Data Plotting for Population Health Impact


Compute the fatality totals by event type and plot the event types that have caused 100 or more fatalities.

dtPHIsum = dtPHI %>% group_by(EVTYPEtidy) %>% summarize(sum(FATALITIES),sum(INJURIES))
names(dtPHIsum) = c("EVTYPEtidy","FATALITIES","INJURIES")
dtPHIsum = dtPHIsum %>% filter(FATALITIES >=100)

maxlabel = paste("Max=",max(dtPHIsum$FATALITIES))

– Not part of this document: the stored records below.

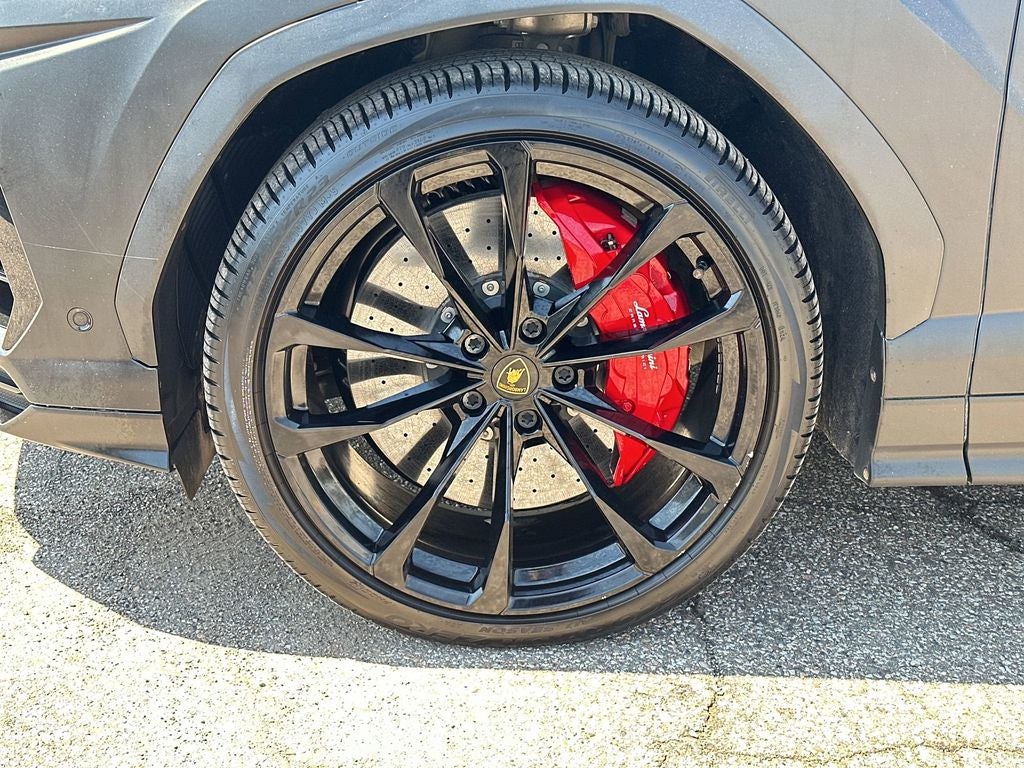 2022 Lamborghini Urus Graphite Capsule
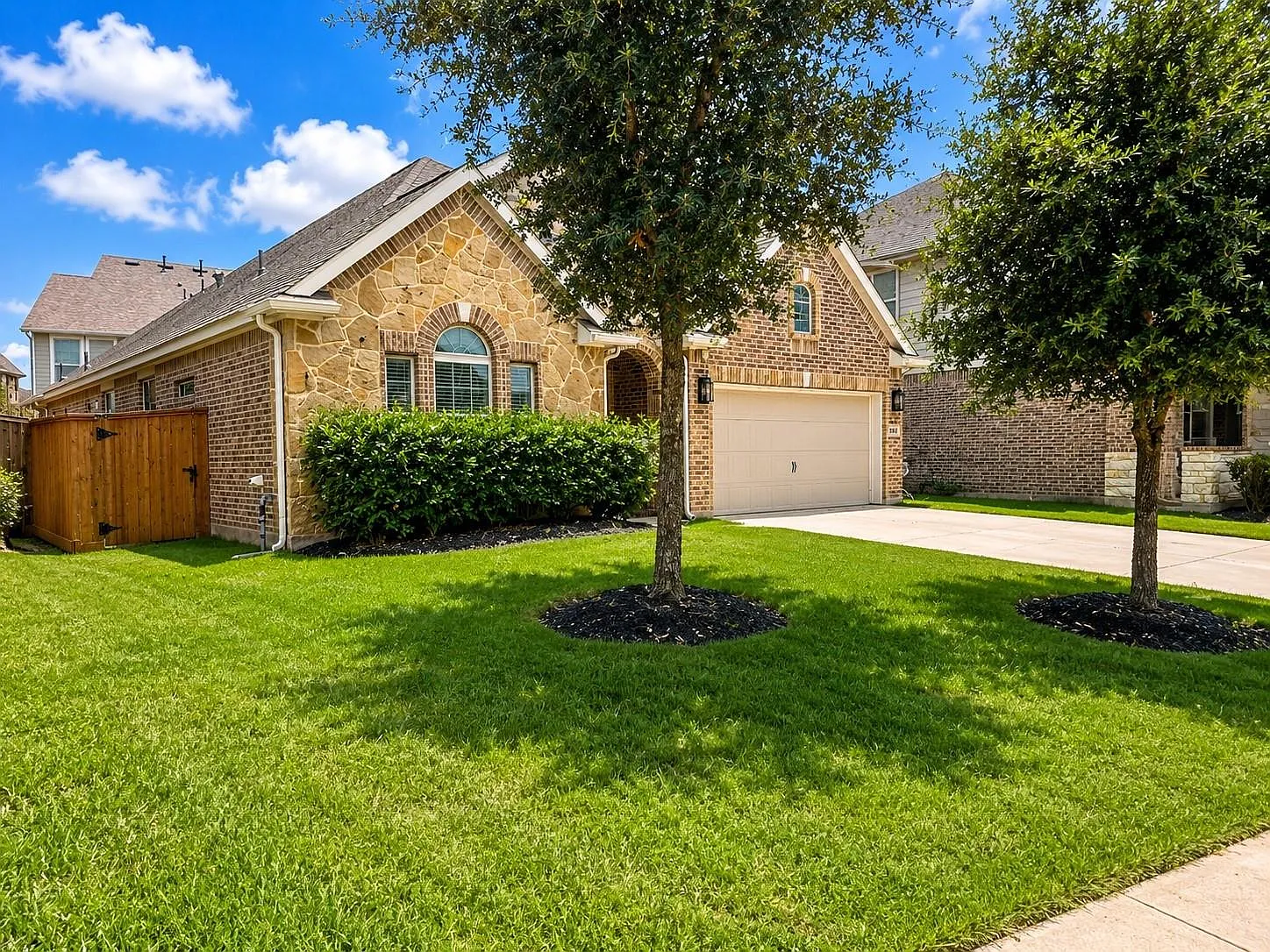 3 bed, 2.0 bath, 2131 sqft, $2,590 — Photo 2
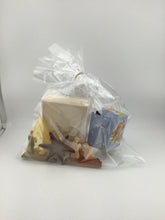 Load image into Gallery viewer, 5 Sets Vtg Nativity Mini Scenes
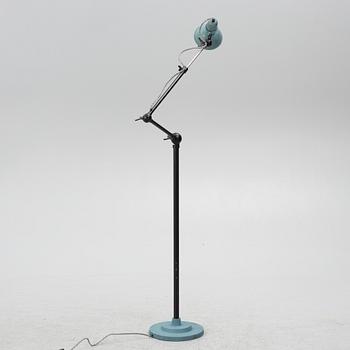 Golvlampa, industrimodell, 1900-tal.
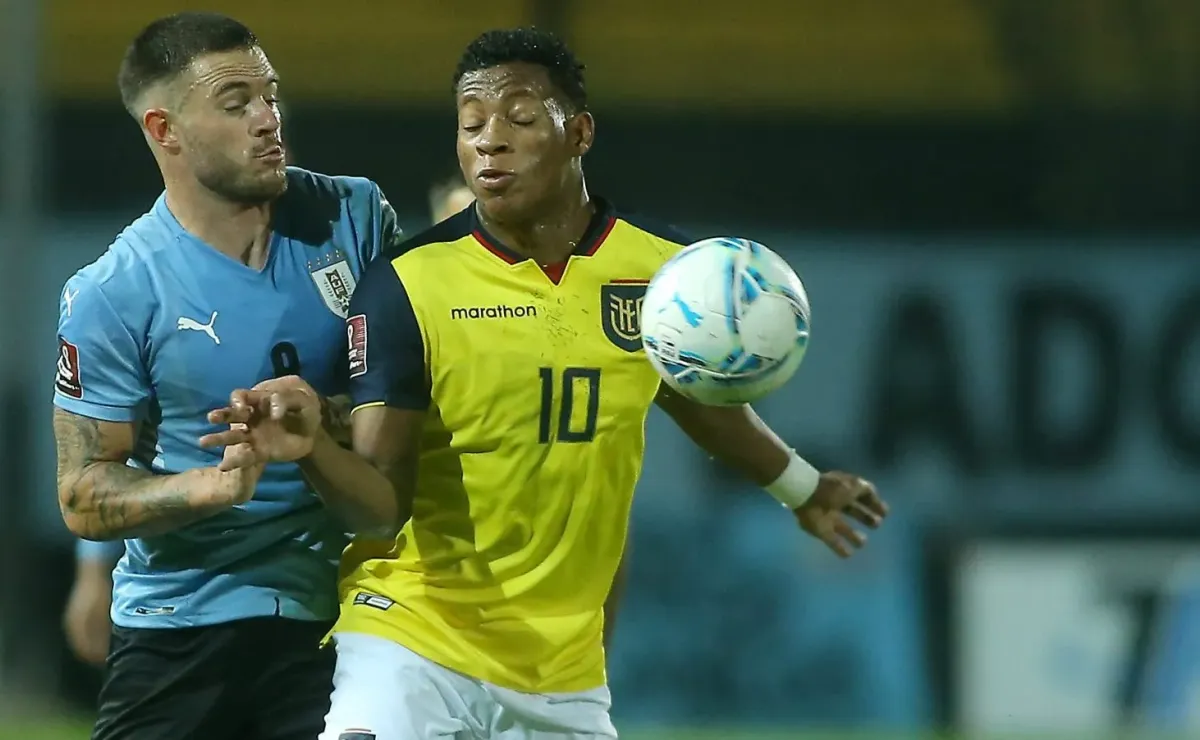 Ecuador - Uruguay: Horario y dónde ver hoy el partido de la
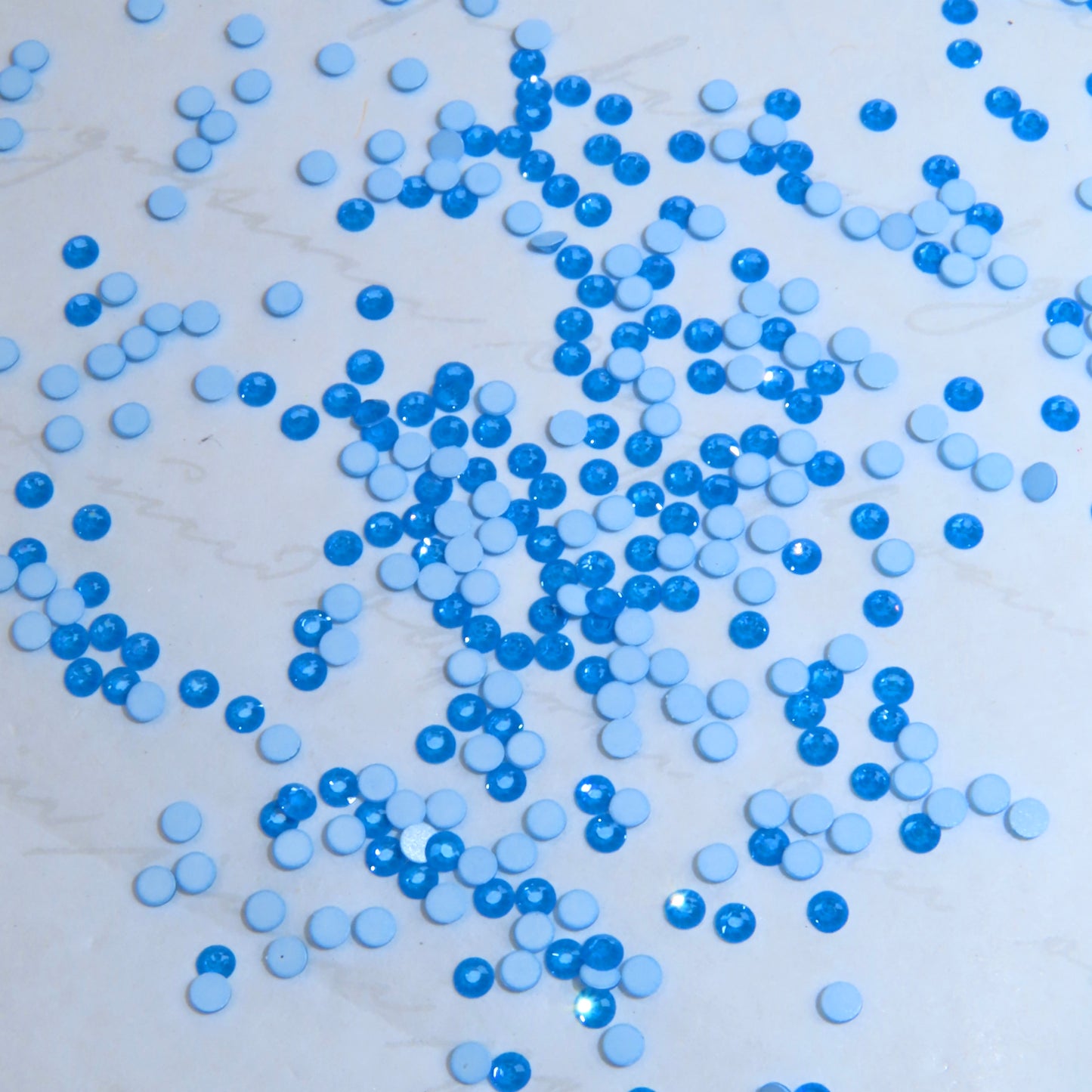 SWAROVSKI® 2058 runde Kristalle - Elektr. Blaues Zünden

p1a <- ggplot(dtPHIsum,aes(EVTYPEtidy,FATALITIES)) +
      geom_bar(stat="identity", col="black", fill=I("grey"), alpha=I(.75)) +
      xlab("Event Type (1995 through Nov 2011)") + 
      ylab("Fatality (>=100)") +
      ggtitle("Most Fatal Weather Events - Figure 1a") +
      geom_text(aes("TORNADO",max(FATALITIES)+500,label=maxlabel),col="red") +
      theme(axis.text.x = element_text(angle=90, hjust=1)) +
      theme(plot.title=element_text(hjust=1))

print(p1a)

The event types caused 100 or more fatalities were harmful to populations with injuries as well.

maxlabel = paste("Max=",max(dtPHIsum$INJURIES))

p1b <- ggplot(dtPHIsum,aes(EVTYPEtidy,INJURIES)) +
      geom_bar(stat="identity", col="black", fill=I("grey"), alpha=I(.5)) +
      xlab("Event Type (1995 through Nov 2011)") + 
      ylab("Number of Injuries") +
      ggtitle("Most Injury-induced Weather Events - Figure 1b") +
      geom_text(aes("TORNADO",max(INJURIES)+10000,label=maxlabel),col="red") +
      theme(axis.text.x = element_text(angle=90, hjust=1)) +
      theme(plot.title=element_text(hjust=1))

print(p1b)

Data Plotting for Economic Impact


Repeat the same process above for property/crop damage (estimated) totals. Let’s zero in on the event types accounting for 1 billion dollars or more loss.

dtEIsum = dtEI %>% group_by(EVTYPEtidy) %>% summarize(sum(damageTotal))
names(dtEIsum) = c("EVTYPEtidy","damageTotal")
dtEIsum = dtEIsum %>% filter(damageTotal>=Bil)

maxlabel = paste("Max=",round(max(dtEIsum$damageTotal)/Bil,digits=0))

p2 <- ggplot(dtEIsum,aes(EVTYPEtidy,damageTotal/Bil)) +
      geom_bar(stat="identity", col="black", fill=I("red")) +
      xlab("Event Type (1995 through Nov 2011)") + 
      ylab("Damage Total (in billions)") +
      ggtitle("Most Economically Damaging Weather Events - Figure 2") +
      geom_text(aes("FLOOD",max(damageTotal)/Bil+10,
                    label=maxlabel),col="red") +
      theme(axis.text.x = element_text(angle=90, hjust=1)) +
      theme(plot.title=element_text(hjust=1))
            

print(p2)

Results


The following conclusions are drawn from the dataset:

  • Tornado, Excessive Heat (EH), Flash Flood (FF), Heat and Lightning are the top five weather events accounting for the most fatalities. Of these, Tornado, EH and Lightning make the three of the top five events that resulted in more injuries.
  • Flood, Hurricane, Tornado, Storm Tide and Hail are the top five weather events responsible for most economic damages.